The bank has reported that a substantial number of business organizations and individual traders are using personal bank accounts or third-party accounts to carry out transactions—rather than using the business accounts they registered with tax authorities.

This practice circumvents routine scrutiny by tax collection agencies and undermines transparency in the financial system.

Risks and Red Flags

According to the NBE statement, transactions conducted in this manner may facilitate money laundering, financing of criminal activities, or terrorist funding, since they evade formal oversight.

The central bank warns that such arrangements may mask the true nature or source of funds, making it difficult for regulators and law enforcement to trace suspicious flows.

In addition, by sidestepping business-registered accounts, these transactions weaken the ability of the tax authority to monitor revenue, detect underreporting, and audit proper compliance.

Directive to Banks & Implementation Measures

All commercial banks have been instructed to identify customers engaging in commercial activities through personal or third-party accounts.

Banks must submit reports and detailed information about these customers to relevant regulatory bodies.

The NBE has called for a coordinated response involving tax authorities, anti-money laundering units, and law enforcement agencies to follow up on flagged cases.

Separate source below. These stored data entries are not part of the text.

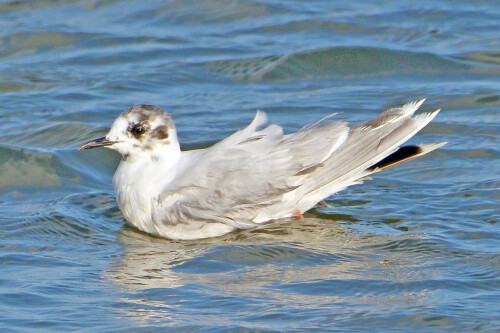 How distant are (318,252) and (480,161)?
2577 mm

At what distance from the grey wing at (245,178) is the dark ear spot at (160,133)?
417 mm

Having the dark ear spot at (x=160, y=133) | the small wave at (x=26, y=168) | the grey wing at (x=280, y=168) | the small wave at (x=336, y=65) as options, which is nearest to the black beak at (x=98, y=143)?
the dark ear spot at (x=160, y=133)

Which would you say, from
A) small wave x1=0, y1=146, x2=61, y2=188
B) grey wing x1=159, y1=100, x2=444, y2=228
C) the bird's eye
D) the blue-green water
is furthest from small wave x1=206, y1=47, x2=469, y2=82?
grey wing x1=159, y1=100, x2=444, y2=228

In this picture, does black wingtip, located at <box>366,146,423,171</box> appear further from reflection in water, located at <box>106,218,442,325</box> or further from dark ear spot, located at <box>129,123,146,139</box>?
dark ear spot, located at <box>129,123,146,139</box>

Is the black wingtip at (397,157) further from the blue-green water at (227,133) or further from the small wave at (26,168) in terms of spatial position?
the small wave at (26,168)

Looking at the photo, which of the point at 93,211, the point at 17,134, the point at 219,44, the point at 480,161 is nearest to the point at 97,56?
the point at 219,44

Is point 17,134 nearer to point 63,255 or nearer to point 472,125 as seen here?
point 63,255

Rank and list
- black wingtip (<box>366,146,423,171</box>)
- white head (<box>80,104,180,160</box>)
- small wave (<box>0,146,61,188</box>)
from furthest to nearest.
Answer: small wave (<box>0,146,61,188</box>), white head (<box>80,104,180,160</box>), black wingtip (<box>366,146,423,171</box>)

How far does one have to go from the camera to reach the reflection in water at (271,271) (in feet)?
23.3

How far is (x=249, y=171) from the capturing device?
8.60 metres

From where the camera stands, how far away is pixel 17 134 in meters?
11.1

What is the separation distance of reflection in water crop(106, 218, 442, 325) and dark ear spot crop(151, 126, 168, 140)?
81 centimetres

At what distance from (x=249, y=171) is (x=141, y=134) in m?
1.02

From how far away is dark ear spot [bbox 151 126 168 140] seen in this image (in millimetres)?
9008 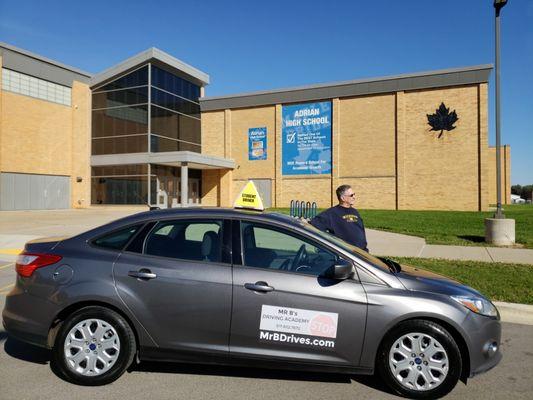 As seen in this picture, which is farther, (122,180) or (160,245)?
(122,180)

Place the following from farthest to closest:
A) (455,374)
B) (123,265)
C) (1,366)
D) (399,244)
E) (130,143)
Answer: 1. (130,143)
2. (399,244)
3. (1,366)
4. (123,265)
5. (455,374)

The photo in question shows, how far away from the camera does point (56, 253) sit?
3.64 meters

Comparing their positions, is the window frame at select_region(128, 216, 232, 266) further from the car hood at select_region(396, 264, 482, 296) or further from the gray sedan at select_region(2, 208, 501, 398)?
the car hood at select_region(396, 264, 482, 296)

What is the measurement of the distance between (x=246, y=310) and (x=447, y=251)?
8.52m

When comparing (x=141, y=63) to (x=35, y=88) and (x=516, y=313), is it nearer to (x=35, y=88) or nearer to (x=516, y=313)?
(x=35, y=88)

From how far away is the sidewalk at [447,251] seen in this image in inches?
370

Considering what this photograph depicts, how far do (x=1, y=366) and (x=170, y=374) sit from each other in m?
1.56

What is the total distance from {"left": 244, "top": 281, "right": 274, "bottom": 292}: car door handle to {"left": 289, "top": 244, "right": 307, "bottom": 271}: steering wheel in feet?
1.01

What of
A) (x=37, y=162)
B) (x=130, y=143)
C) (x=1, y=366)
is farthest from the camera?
(x=130, y=143)

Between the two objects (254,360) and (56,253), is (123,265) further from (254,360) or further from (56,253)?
(254,360)

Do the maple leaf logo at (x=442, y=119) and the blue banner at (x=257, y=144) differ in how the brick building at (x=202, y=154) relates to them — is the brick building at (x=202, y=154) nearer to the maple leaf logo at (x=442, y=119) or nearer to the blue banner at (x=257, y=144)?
the maple leaf logo at (x=442, y=119)

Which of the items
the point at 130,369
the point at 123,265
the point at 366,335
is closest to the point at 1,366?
the point at 130,369

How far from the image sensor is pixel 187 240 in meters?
3.68

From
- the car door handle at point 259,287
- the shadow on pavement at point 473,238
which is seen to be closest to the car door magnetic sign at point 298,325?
the car door handle at point 259,287
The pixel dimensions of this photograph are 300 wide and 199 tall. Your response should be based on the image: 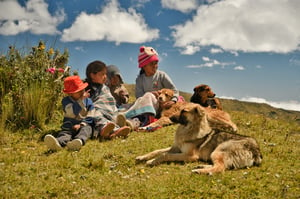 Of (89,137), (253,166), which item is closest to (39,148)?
(89,137)

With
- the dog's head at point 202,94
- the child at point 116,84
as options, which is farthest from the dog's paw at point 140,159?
the dog's head at point 202,94

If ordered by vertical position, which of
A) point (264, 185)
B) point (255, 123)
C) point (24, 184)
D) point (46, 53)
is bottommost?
point (24, 184)

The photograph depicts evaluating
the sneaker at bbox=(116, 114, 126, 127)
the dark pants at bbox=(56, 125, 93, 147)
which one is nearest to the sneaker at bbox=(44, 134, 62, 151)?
the dark pants at bbox=(56, 125, 93, 147)

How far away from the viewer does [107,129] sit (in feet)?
29.1

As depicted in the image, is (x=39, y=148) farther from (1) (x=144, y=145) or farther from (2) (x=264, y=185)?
(2) (x=264, y=185)

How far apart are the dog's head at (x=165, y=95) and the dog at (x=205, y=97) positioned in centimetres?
96

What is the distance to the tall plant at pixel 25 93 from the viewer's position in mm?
10117

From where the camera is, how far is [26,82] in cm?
1038

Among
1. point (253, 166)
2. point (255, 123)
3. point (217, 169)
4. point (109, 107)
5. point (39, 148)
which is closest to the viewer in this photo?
point (217, 169)

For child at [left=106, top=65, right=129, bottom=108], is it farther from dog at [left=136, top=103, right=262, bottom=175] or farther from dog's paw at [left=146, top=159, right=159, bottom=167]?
dog's paw at [left=146, top=159, right=159, bottom=167]

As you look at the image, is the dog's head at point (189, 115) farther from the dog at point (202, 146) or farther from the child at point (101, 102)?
the child at point (101, 102)

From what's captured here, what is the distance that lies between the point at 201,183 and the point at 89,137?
4452 mm

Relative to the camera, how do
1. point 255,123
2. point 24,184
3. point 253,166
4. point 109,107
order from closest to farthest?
point 24,184
point 253,166
point 109,107
point 255,123

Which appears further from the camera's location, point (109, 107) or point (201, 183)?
point (109, 107)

Motivation & Policy Rationale

The primary goal is to preserve the integrity and soundness of Ethiopia’s financial system. By restricting misuse of accounts, the NBE aims to reduce systemic risk.

The NBE also frames this measure as essential to economic security — ensuring that illicit capital does not undermine national development.

As Ethiopia has been rolling out reforms in taxation and financial regulation, this directive aligns with recent efforts to modernize revenue mobilization and clamp down on revenue leakage.

Implications for Businesses and Traders

Business entities—especially small and medium enterprises—must ensure they are using properly registered business accounts for all transactions.

Individual traders using personal accounts for business must regularize their operations and register with tax authorities.

The directive raises the possibility that banks may impose account freezes, sanctions, or closure on those who flout the rules.

Potential Challenges & Points of Friction

In practice, enforcing this policy may require enhanced compliance systems within banks to flag and monitor account usage patterns.

Some businesses may resist or delay compliance, arguing that personal or third-party accounts are convenient or exist for legacy reasons.

The coordination between the NBE, tax authority, and law enforcement will be critical. Gaps or delays in information sharing could weaken enforcement effectiveness.

Next Steps & Outlook

The NBE is expected to issue guidelines or clarifications to banks to standardize the identification and reporting process.

Audits and inspections may follow to assess compliance across the banking sector.

In high-risk or repeat violation cases, the authorities may pursue legal action or penalties under relevant financial, tax, or anti-money laundering laws.

Over time, this directive could help broaden Ethiopia’s formal tax base, reduce shadow economy activities, and enhance the transparency of the banking sector.